Neuropsychological scores beyond a standard deviation of ±3.0 were curtailed to values of +3.0 or −3.0 (depending on the direction), enabling a consistent range across variables as previously described (Naismith et al. 2002; Hermens et al. 2011). Partial correlation analysis examined the relationship between cortical thickness and either z-scores of neurocognitive performance or duration of illness covarying for years of education and gender. Spearman's rho correlation analysis examined the non-parametric distributions of the z-scores for the PAL and IED tests. The correlation analysis examined five groups: the BP1, BP2, BSD and psychosis groups to highlight diagnosis-specific neurocognitive deficits, and all subjects within the psychosis and bipolar groups collectively to highlight shared neurocognitive deficits.

Demographic and clinical scores

Comparisons of demographic details between psychosis, bipolar and control groups revealed no significant difference in handedness, predicted IQ or intracranial volume (Table 3). The bipolar group was significantly younger (mean 21.9 years ± SD 3.6) than the control group (24.2 ± 2.7; F(2,159) = 7.31, p < 0.001), and the control group had more years of education (14.6 ± 2.1) than either the psychosis (12.6 ± 2.5) or bipolar groups (12.8 ± 2.1; F(2,159) = 12.61, p < 0.001).
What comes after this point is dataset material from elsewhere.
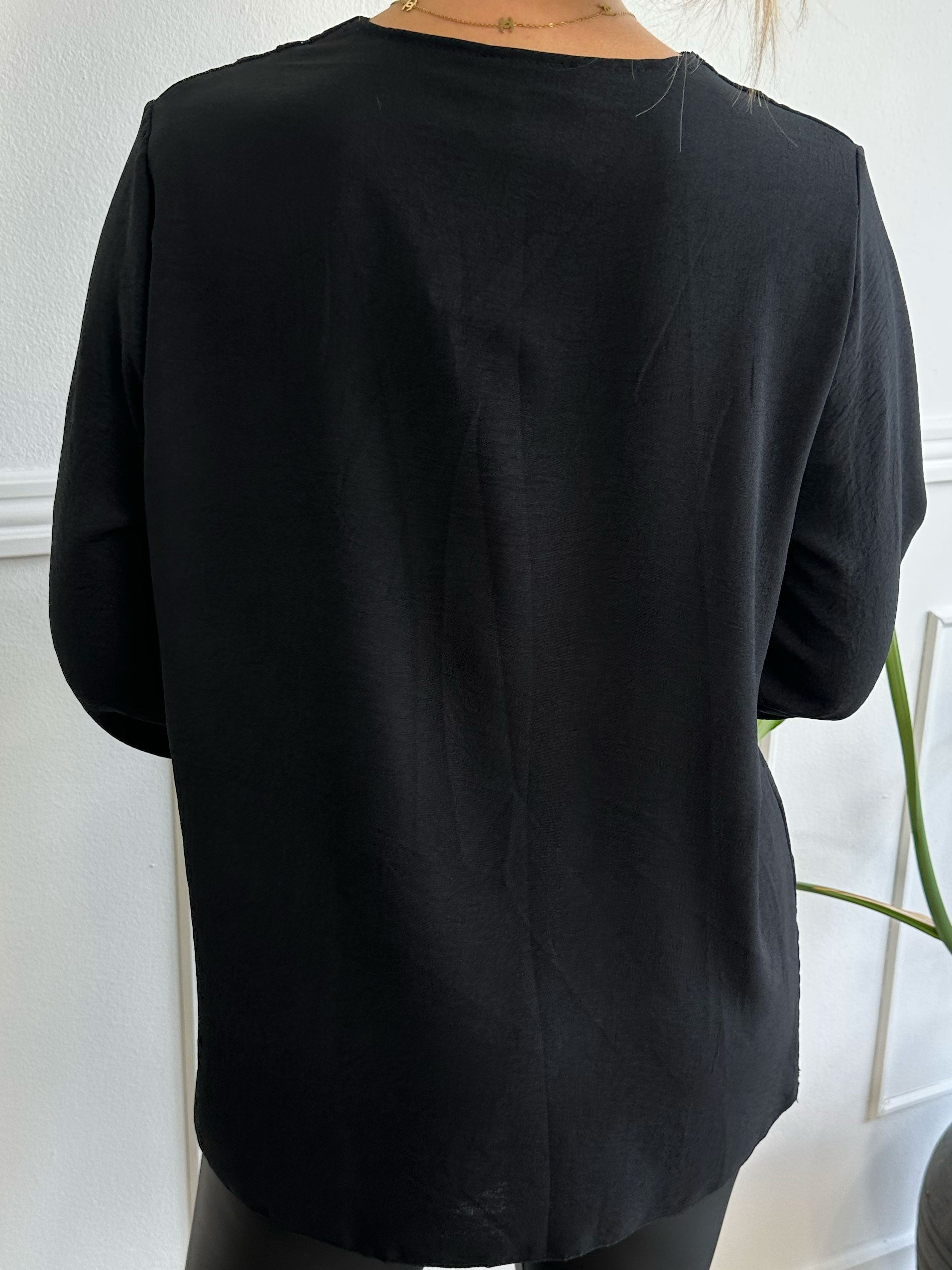 Elly Shirt - Simpel blus med spetskant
Comparisons of clinical symptomology revealed differences between psychosis and bipolar groups (Table 3). The age of onset of the bipolar group (14.9 ± 3.5) was significantly less than that of the psychosis group (17.7 ± 4.3; t(111) = −3.81, p < 0.001), though the duration of illness between groups did not significantly differ (psychosis group 5.8 ± 3.5 years; bipolar group 7.1 ± 3.9 years; t(111) = 1.67, p = 0.097). While the patient groups did not significantly differ in clinical symptom severity (i.e. mean BPRS total score), compared to the bipolar group, the psychosis group indicated worse positive symptoms (respectively 11.1 ± 3.6; 13.8 ± 4.9; t(62) = −3.05, p = 0.003), negative symptoms (6.7 ± 2.3; 8.8 ± 3.7; t(56) = −3.14, p = 0.003) and disorientation (2.2 ± 0.7; 2.6 ± 1.2; t(53) = −2.02, p = 0.049). The YMRS total score indicated that the bipolar group reported a significantly worse manic symptom rating (11.8 ± 16.0) compared to the psychosis group (3.8 ± 8.1; t(102) = 3.66, p < 0.001).

In a follow-up analysis, the demographics and symptomology of subjects with BP1, BP2 or BSD were compared against those of control subjects (Table S1 in Additional file 1). Subjects with BP1 were younger than controls (respectively 21.5 ± 3.0; 24.2 ± 2.7; F(3,118) = 6.51, p < 0.001). Controls had more years of education (14.6 ± 2.1 years) than BP1 (12.4 ± 1.9) or BSD (12.3 ± 2.0; F(2,70) = 9.44, p < 0.001). Subjects with BSD had an earlier age of onset of illness (12.9 ± 3.2) than BP1 (16.3 ± 3.2) or BP2 (15.4 ± 3.2; F(2,70) = 6.98, p < 0.002). BP1 had a shorter duration of illness (16.3 ± 3.2 years) than BP2 (15.4 ± 3.2) or BSD (12.9 ± 3.2). Clinical symptomology was similar between groups with the exception of YMRS which indicated that subjects with BP1 had more severe mania symptoms (18.8 ± 20.1) than BSD (7.0 ± 12.0; F(2,70) = 3.36, p < 0.041).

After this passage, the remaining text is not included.